Miguel A. Kiguel is an economist at the World Bank. Nissan Liviatan is a professor at Hebrew University of Jerusalem. The authors are grateful to Bela Balassa, Eduardo Borensztein, Victorio Corbo, Eli Kreis, Maurice Obstfeld, Guy Pfeffermann, Jeff Sachs, and Marcelo Selowsky for helpful comments on an earlier draft. The authors greatly benefited from discussions with Edgardo Barandarian and Sebastian Edwards. A fuller version of the analysis is given in Kiguel and Liviatan (1988).

Orthodox stabilization programs in Latin American countries have been notoriously unsuccessful in combating inflation, despite the imposition of stringent cuts in government deficits. In most cases inflation came down only slowly and temporarily, with concomitant declines in growth and employment. The Bolivian progam, one of the only Latin American successes, is contrasted with those of Argentina, Brazil, Chile, and Mexico.

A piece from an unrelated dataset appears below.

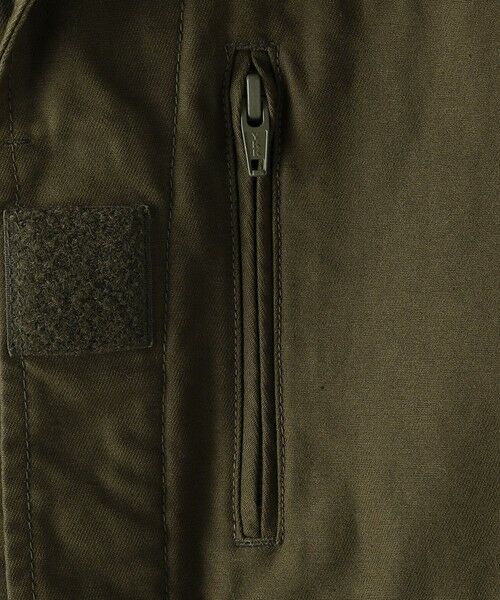 SHIPS / シップス ダウンジャケット・ベスト | 【SHIPS KIDS別注】GOLDENMILLS:100〜140cm / ミリタリー ベスト | 詳細20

The problems of dealing with chronic inflation are compared with those of hyperinflationary countries, and the influence of price and wage rigidities, expectations, and credibility is explored. The study shows that fiscal restraint is a necessary but not sufficient condition for success, and that sound management of nominal variables (the exchange rate and money supply) are also necessary. The critical role of credibility is linked with price and wage rigidities in the chronic inflation countries, whereas the unsustainability of hyperinflation is seen to increase the credibility of and thus the potential for successful stabilization programs.